RE: Jesus as Lord - why is this appealing to so many?
February 14, 2018 at 12:22 am
(This post was last modified: February 14, 2018 at 12:25 am by GrandizerII.)
(February 13, 2018 at 9:05 pm)RoadRunner79 Wrote:(February 13, 2018 at 8:05 pm)Grandizer Wrote: Forget the hotel example.
Let's do set theory. Complete as in every possible element of an infinite set of integers (infinite both ways) is already there. How can you add more new elements to the set when it's complete?
You can simultaneously add +1 to each of the elements, sure, and each of the elements will then increase by 1, but it would still be the same infinite size because it's complete (I think, correct me if wrong, guys).
You ask, how can more numbers be added if it is complete, but by definition an infinite amount is never completed.
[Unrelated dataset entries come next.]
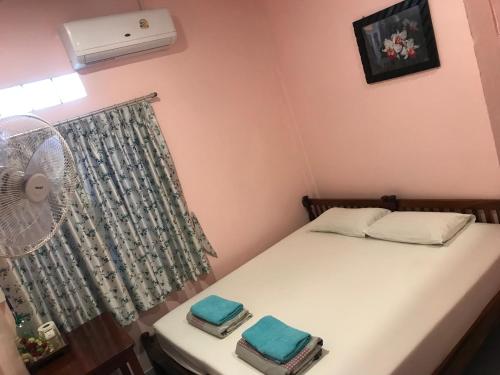 Vitoonguesthouse2fanrooms & Aircondition thumbnail 4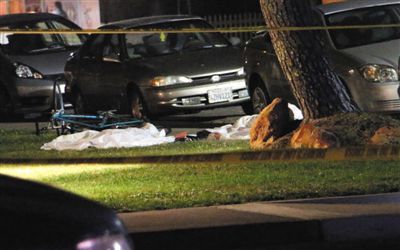 5月23日在美國加州大學圣巴巴拉分校附近的槍擊現(xiàn)場拍攝的死者遺體。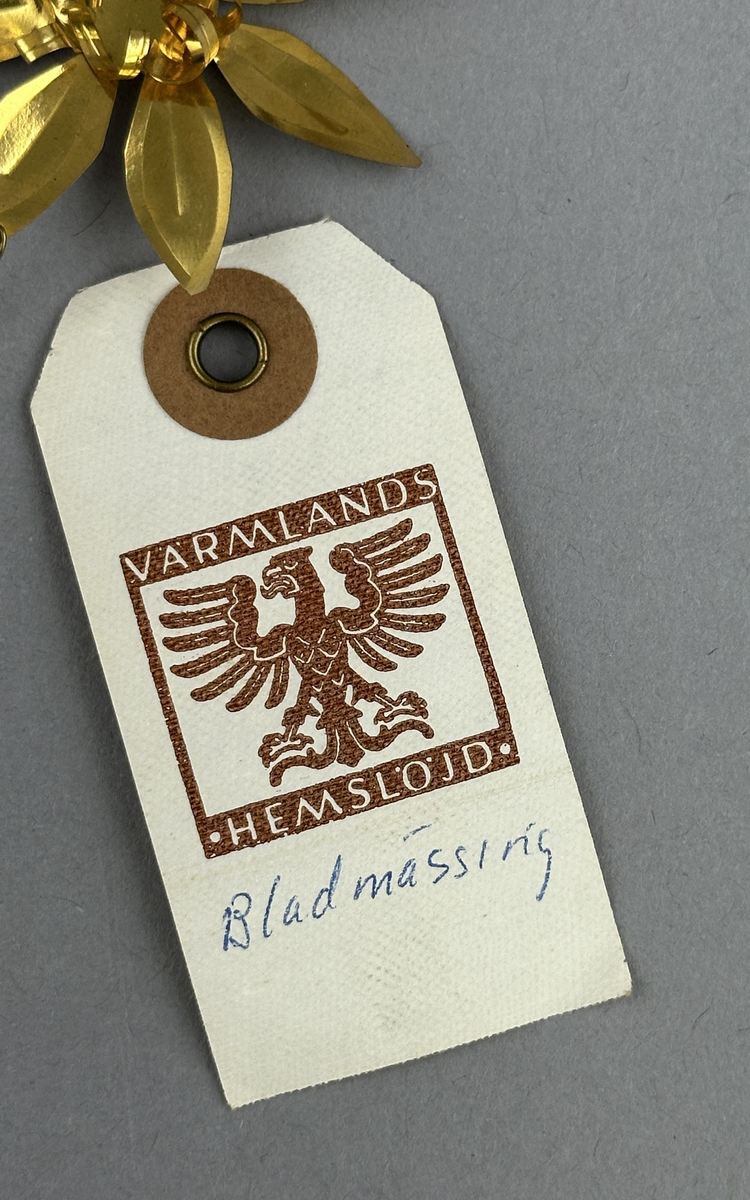 Julgransdekoration av bladmässing.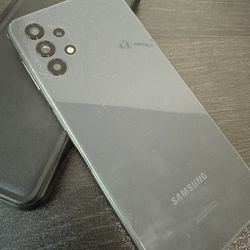 Samsung galaxy A32 5G With A Case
I think you are switching to sets now, because you can abstractly complete the set just add "..." . You loosely define it, to include any possible integer. You want to increase the set... you just loosen the definition. So you either end up with a contradiction (it is both complete and not complete at the same time in the same way). Or what you mean by complete is not the same. Or you mean infinite in another way.
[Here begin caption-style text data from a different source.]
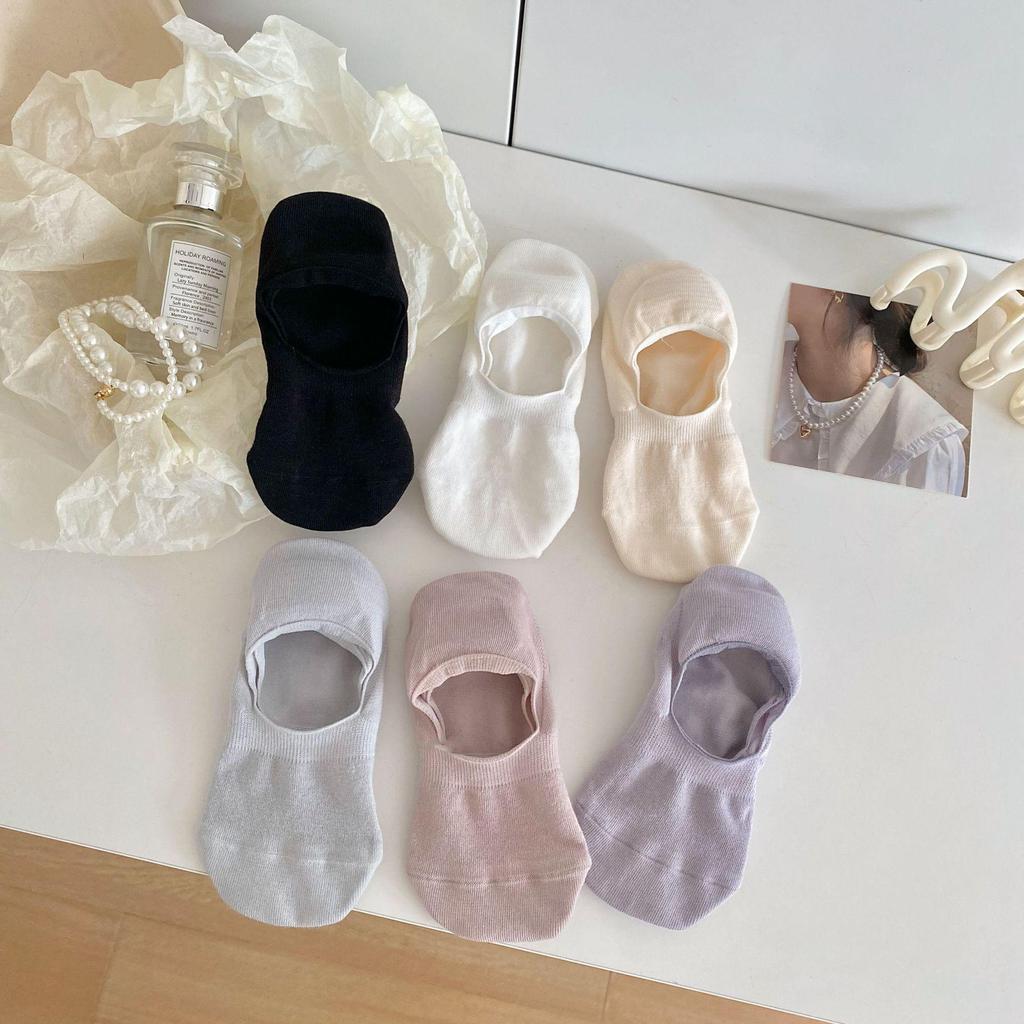 Women's Low-Cut Breathable Cotton Socks – Japanese Style, Anti-Slip, Invisible and Comfortable.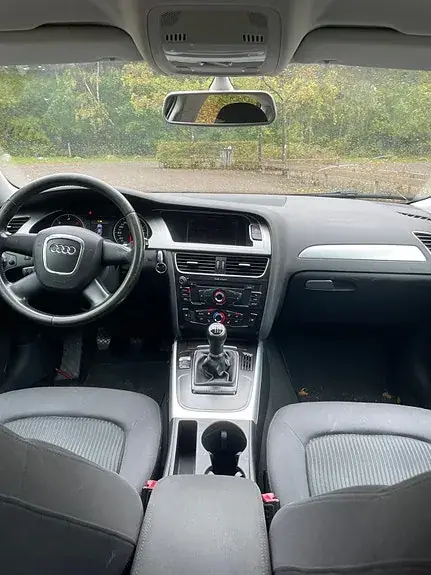 Audi A4 2009 photo 4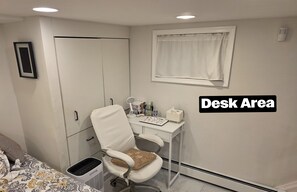 Interior - Full Apartment in Woodbridge walk to NJ Transit Train/Bus - World Cup- w Patio (Woodbridge Township)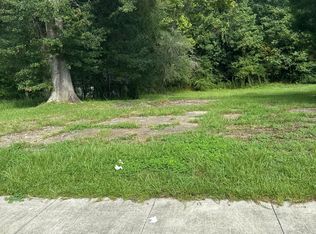 7230 Old Shell Rd, Mobile, AL 36608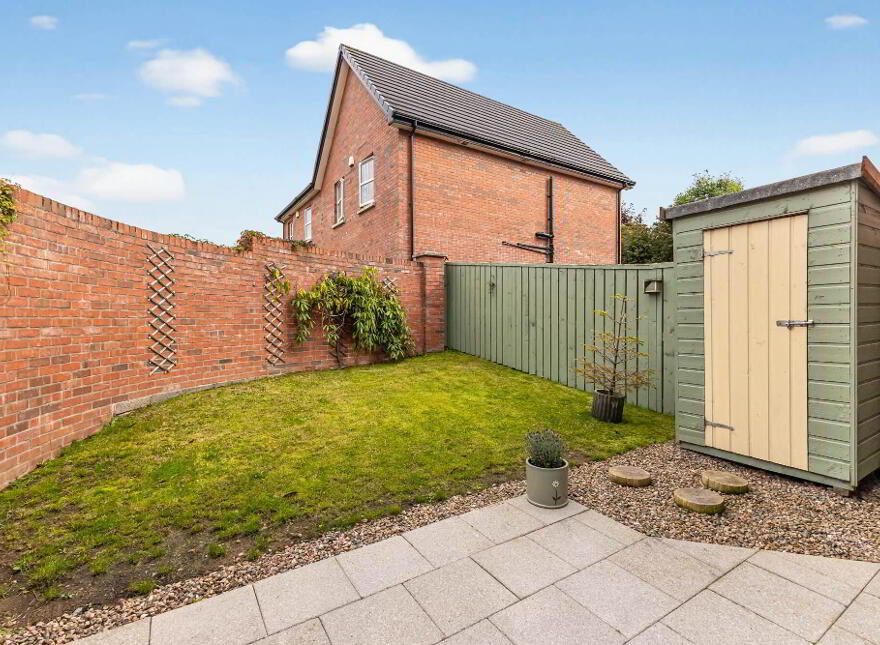 15 Meadow Crescent, Lisburn, BT28 3RN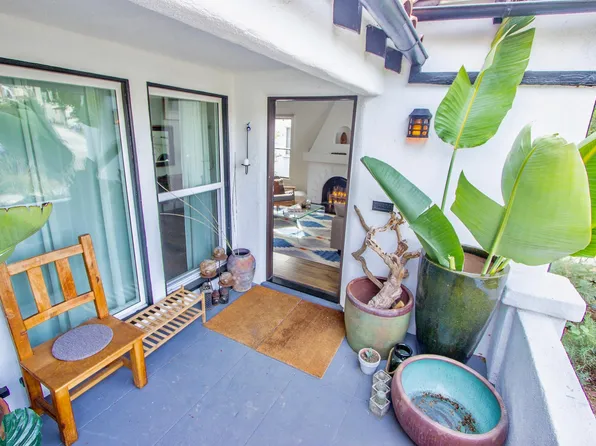 1852 S Redondo Blvd, Los Angeles, CA 90019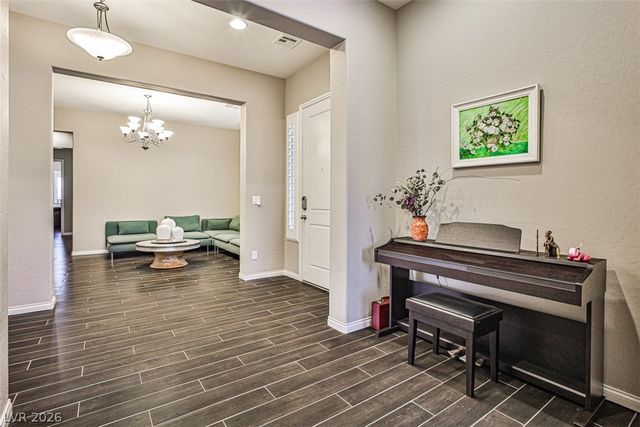 5733 Logan Heights Court, Las Vegas, NV 89135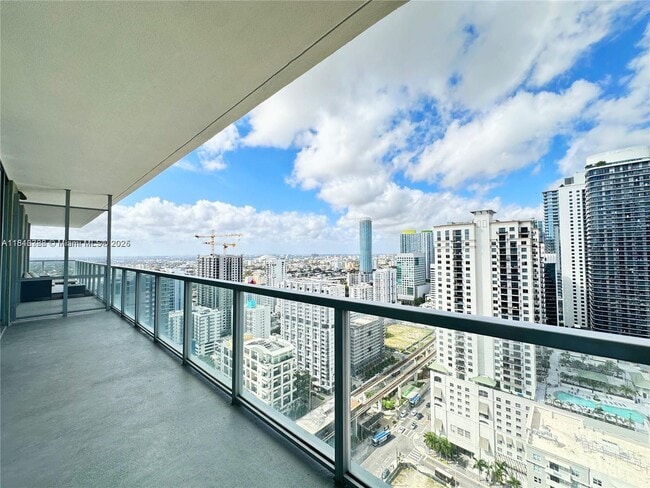Photo - 1111 SW 1st Ave Unidad 3424-N Rental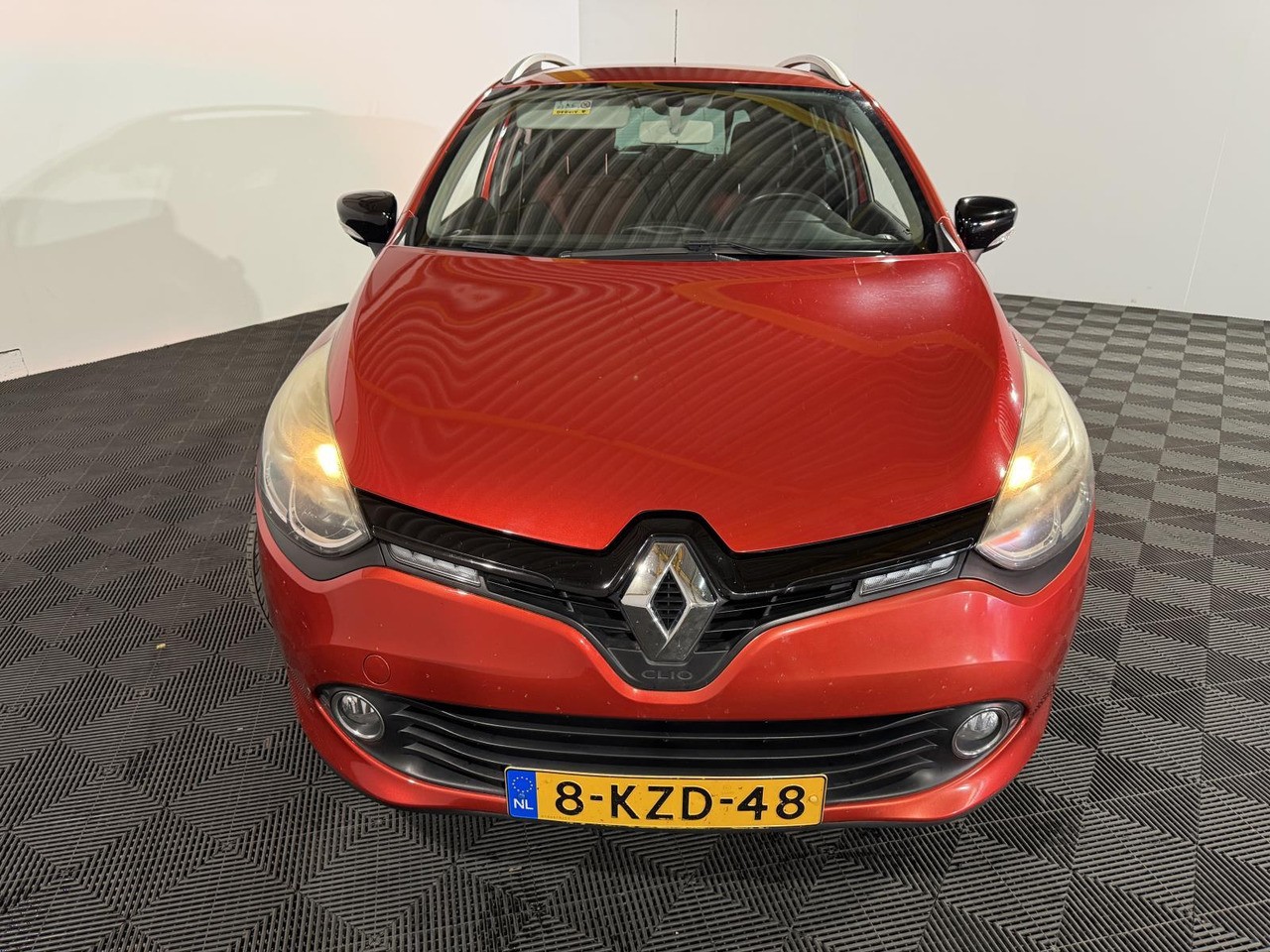 Renault | Clio Estate | 0.9 TCe Expression | 2013 | 217.223 km | 8KZD48 | Logisch - Voiture: photos 5 Renault | Clio Estate | 0.9 TCe Expression | 2013 | 217.223 km | 8KZD48 | Logisch - Voiture: photos 5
I switched to sets for your sake, not mine. We can go back to Hilbert's Hotel if that's what you really want. Hilbert's Hotel is completely occupied in terms of all rooms representing each integer from 0 to positive infinity. So represented by the infinite set of all whole numbers. But we can also change the example so that the hotel is infinite both ways, and there are rooms representing negative integers. Doesn't matter.
Complete, in the context of infinity, means every element of the concerned infinite set or sequence or whatever you want to call it, is there. And yes, in mathematics, infinite sets like infinite sets of integers are complete already. But what I cannot do is then represent that literally in writing because then it would be me trying to complete a potential infinity (assuming classical concepts of motion and time). What I write or draw is different from what is in the abstract math world.
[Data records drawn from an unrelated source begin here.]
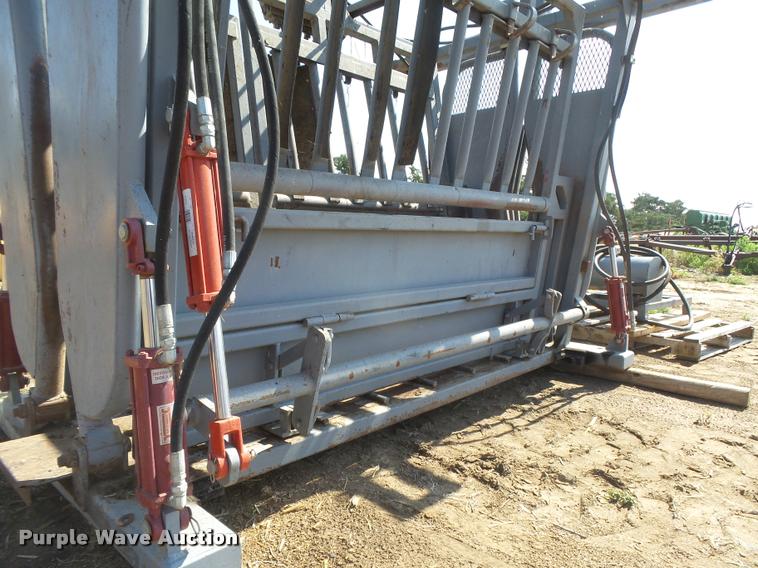 image for item DB2667 Bowman squeeze chute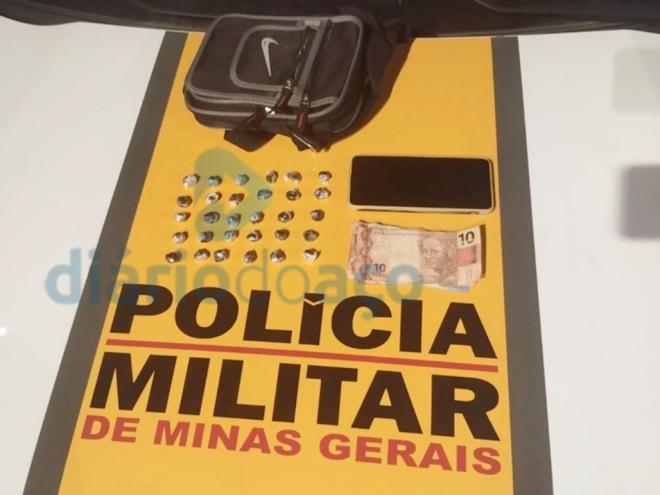 As bolas (porções) de haxixe que foram encontradas em uma bolsa tiracolo do motociclista abordado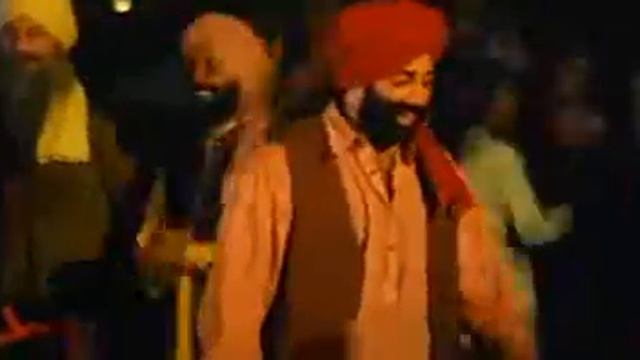 Беглецы Udja Kale Kawan Marrage смотреть онлайн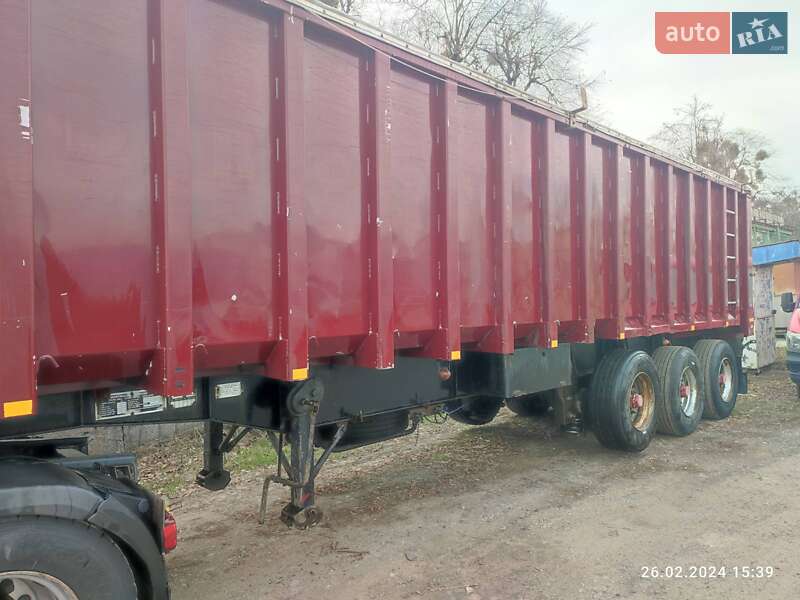 Зерновоз DAF 95 2005 в Тульчине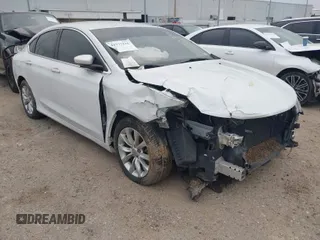 2015 Chrysler 200 C with VIN 1C3CCCCBXFN562510, listed as a IAAI auction lot 41833656 with 118,416 mi miles and . Bid and sale history available at carsss.com. Image 1.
But even going back to Existence itself, there is nothing logically impossible about actual infinities existing. So long as they are already complete, I need NOT complete anything. And so logically, it can exist in the real world. That's the logic. What you seem to have a problem with is how can a complete actual infinity be a thing? But this is more a problem with your intuition rather than with logic (so incredulity is not enough, you need to demonstrate on paper that it is a logical problem).
No one can perhaps really fully grasp infinity intuitively, but part of what's amazing about it is that it's counterintuitive. There are no contradictions happening with infinity, only apparent paradoxes. This is expected when we're dealing with infinity.